The yellow teardrop butterflyfish (Chaetodon interruptus), also known as the Indian teardrop butterflyfish, is a species of marine ray-finned fish, a butterflyfish of the family Chaetodontidae. It is found in the Indian Ocean from East Africa (south to Port Alfred, South Africa), to Sumatra, Indonesia.

==Description==
The yellow teardrop butterflyfish has a bright yellow body which is disc shaped and laterally compressed. There is a large black spot on the upper flank and a black vertical bar through the eye and another black vertical bar at the rear margin which runs from the posterior of the soft rayed part of the dorsal fin to the anal fin. The tail is white and the tail fin is transparent. It has paler chevron markings which run vertically down the flanks. In the smaller juvenile fish there is a white ring around the blotch on the flanks, this is rounder and less teardrop shaped than in adults, the black also being tinted with blue. As they grow the white outer ring turns yellow and the mark develops a teardrop shape. This species has 12–13 spines in its dorsal fin and 21–23 soft rays while the anal fin has 3 spines and 18-20 soft rays. This species attains a maximum total length of 20 cm.

==Distribution==
The yellow teardrop butterflyfish is found in the Indian Ocean where it occurs along the coast of East Africa from Somalia and Socotra south to South Africa east to the coast of Sumatra and western Thailand, including most of the Indian Ocean islands and southern India.

==Habitat and biology==
The yellow teardrop butterflyfish inhabits habitats varying from coral reef flats to deep slopes.
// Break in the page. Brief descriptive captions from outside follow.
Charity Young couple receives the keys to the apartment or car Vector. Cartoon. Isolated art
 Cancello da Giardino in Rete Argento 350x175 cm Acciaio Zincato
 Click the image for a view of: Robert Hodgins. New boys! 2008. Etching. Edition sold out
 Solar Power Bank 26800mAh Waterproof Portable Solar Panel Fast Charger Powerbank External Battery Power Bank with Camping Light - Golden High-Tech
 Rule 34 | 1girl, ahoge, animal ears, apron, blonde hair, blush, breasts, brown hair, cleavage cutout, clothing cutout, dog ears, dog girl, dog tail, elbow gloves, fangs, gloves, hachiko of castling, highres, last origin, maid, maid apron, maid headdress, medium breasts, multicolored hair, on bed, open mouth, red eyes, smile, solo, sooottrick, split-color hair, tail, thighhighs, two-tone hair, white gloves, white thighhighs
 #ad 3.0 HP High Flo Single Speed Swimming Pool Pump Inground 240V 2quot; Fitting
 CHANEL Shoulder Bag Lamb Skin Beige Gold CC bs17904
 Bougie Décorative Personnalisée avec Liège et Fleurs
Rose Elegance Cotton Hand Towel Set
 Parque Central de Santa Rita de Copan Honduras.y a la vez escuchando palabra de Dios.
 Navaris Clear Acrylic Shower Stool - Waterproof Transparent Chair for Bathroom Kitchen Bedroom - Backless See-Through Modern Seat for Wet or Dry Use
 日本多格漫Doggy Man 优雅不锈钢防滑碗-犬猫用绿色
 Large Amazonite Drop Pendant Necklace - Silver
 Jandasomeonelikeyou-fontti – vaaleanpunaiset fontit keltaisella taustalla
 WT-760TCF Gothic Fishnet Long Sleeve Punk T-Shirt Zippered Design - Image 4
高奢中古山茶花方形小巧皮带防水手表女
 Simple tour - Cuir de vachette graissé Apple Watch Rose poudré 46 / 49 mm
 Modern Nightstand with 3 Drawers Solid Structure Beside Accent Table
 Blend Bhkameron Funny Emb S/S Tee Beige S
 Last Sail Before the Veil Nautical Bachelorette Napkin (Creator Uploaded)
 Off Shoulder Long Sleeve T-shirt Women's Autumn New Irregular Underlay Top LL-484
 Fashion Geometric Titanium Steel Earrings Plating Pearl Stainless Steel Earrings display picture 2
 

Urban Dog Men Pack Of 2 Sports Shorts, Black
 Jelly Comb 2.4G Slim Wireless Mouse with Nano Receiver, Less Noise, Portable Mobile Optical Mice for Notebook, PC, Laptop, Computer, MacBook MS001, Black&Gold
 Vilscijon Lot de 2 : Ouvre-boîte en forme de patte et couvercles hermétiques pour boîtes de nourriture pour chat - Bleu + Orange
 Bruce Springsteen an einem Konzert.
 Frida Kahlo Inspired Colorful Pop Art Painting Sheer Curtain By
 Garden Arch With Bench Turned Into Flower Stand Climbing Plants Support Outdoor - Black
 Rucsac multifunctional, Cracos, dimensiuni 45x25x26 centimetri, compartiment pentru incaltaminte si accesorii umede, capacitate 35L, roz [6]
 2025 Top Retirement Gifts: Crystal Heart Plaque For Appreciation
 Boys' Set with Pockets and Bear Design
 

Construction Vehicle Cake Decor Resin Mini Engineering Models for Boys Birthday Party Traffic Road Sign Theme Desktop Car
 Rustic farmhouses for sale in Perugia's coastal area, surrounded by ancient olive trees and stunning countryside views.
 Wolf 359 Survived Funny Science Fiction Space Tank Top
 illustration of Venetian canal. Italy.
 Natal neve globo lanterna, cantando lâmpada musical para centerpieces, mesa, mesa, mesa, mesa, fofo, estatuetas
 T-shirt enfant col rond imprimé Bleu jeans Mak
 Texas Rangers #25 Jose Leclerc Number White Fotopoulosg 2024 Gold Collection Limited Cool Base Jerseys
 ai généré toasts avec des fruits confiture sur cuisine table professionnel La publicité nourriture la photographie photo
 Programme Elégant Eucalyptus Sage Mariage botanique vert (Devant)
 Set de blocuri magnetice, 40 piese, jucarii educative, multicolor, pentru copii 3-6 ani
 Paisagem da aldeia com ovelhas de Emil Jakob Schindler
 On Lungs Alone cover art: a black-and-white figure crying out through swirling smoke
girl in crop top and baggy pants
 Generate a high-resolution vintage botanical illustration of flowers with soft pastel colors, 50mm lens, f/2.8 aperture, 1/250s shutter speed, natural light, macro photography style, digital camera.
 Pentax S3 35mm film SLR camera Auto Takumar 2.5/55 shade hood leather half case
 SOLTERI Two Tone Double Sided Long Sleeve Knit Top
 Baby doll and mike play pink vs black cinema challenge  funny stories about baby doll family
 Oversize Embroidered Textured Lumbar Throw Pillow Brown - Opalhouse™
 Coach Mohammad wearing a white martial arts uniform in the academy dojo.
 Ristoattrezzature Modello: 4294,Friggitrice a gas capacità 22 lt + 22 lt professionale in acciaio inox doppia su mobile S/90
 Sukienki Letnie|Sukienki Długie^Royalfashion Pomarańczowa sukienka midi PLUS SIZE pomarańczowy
The adults are normally encountered in pairs although they will occasionally forage in small schools. It is an oviparous species in which the males and females form pairs to breed. They are omnivores and have a varied diet which includes hard and soft coral fragments, sponges, polychaetes, and filamentous algae.

==Taxonomy==
The yellow teardrop butterflyfish was first formally described from Mauritius in 1923 by the German zoologist Ernst Ahl (1898–1945) as the subspecies interruptus of the Indo-Pacific teardrop butterflyfish (Chaetodon unimaculatus) and it is still considered to be so by some authorities.

==Utilisation==
The yellow teardrop butterflyfish is infrequently found in the aquarium trade. It is considered to be of medium difficulty for keeping within this hobby.